The Applicant sought permission to Appeal an Order varying the earlier Order in which he was declared a vexatious litigant, following an Application brought by the Respondent. Earlier in the litigation, the Applicant was declared a vexatious litigant, and therefore the Applicant required the Court’s permission to Appeal pursuant to Rule 14.5(1)(j).

Veldhuis J.A. identified the test for permission to Appeal as outlined in the jurisprudence and provided relevant factual background of the litigation.

While canvassing the litigation background, Veldhuis J.A. noted that the Respondent had failed to comply with section 23.1 of the Judicature Act, RSA 2000, c J-2, which would have required the Respondent to provide notice to the Minister of the vexatious litigant Application. Counsel for the Minister, in response to the Respondent’s ultimately giving notice of the Application, advised that it would not be taking any position on the matter.
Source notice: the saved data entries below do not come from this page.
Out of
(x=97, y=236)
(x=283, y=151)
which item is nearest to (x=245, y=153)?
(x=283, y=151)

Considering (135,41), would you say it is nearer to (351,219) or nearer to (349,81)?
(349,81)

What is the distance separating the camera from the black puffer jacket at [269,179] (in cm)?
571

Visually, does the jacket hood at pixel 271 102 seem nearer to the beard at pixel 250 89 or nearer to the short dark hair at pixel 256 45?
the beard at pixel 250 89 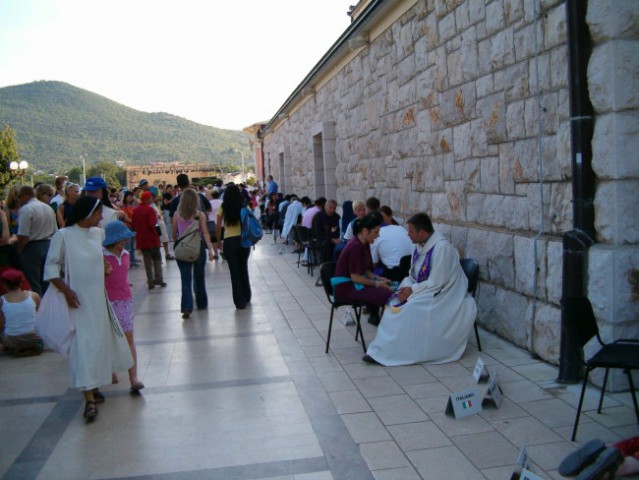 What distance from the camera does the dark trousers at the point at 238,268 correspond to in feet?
27.3

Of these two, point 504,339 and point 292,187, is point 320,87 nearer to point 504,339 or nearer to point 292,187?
Result: point 292,187

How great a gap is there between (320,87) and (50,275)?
11.5m

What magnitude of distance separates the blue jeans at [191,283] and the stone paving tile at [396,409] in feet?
12.8

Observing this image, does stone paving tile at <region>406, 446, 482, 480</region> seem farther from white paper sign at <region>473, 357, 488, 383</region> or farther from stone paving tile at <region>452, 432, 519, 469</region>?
white paper sign at <region>473, 357, 488, 383</region>

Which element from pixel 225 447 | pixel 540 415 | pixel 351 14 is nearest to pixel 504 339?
pixel 540 415

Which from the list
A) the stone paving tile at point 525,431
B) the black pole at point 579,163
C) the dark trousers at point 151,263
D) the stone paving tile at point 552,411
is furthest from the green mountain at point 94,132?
the stone paving tile at point 525,431

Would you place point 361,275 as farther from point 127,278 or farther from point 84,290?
point 84,290

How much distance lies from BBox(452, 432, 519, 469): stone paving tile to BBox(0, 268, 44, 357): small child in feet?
15.3

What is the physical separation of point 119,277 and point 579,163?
357 centimetres

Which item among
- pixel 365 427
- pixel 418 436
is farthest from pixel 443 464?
pixel 365 427

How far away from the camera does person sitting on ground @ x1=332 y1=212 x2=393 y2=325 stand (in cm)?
587

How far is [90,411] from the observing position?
4.60 m

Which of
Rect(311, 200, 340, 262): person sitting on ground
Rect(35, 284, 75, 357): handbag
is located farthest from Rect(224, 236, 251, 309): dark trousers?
Rect(35, 284, 75, 357): handbag

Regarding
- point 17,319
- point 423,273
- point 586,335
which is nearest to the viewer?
point 586,335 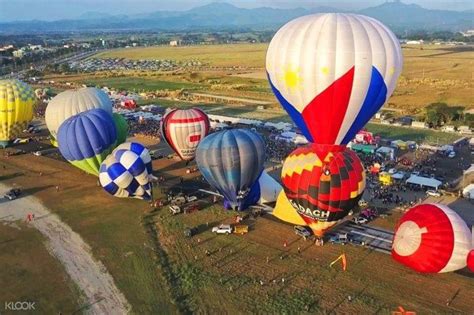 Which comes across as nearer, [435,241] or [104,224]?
[435,241]

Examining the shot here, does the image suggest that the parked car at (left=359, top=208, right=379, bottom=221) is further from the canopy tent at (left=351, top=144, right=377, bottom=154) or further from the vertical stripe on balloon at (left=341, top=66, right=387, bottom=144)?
the canopy tent at (left=351, top=144, right=377, bottom=154)

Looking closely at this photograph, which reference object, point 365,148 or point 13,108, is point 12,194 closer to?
point 13,108

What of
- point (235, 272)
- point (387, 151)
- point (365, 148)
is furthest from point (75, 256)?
point (387, 151)

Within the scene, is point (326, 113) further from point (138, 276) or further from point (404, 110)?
point (404, 110)

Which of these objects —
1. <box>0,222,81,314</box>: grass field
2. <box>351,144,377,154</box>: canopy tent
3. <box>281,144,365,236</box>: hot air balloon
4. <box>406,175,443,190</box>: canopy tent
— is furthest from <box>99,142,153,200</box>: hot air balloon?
<box>351,144,377,154</box>: canopy tent

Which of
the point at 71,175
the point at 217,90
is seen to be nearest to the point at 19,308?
the point at 71,175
Following this, the Respondent had successfully applied to vary the vexatious litigant Order pursuant to Rule 9.15.

Veldhuis J.A. ultimately found that this procedural deficiency had no significant impact on the litigation, or the finding that the Applicant was a vexatious litigant.

Ultimately, Veldhuis J.A. dismissed the Application for permission to Appeal as the Applicant had failed to show that there was important question of law or precedent, there was a reasonable chance of success on Appeal, and the delay would not unduly hinder the progress of the Action or cause undue prejudice.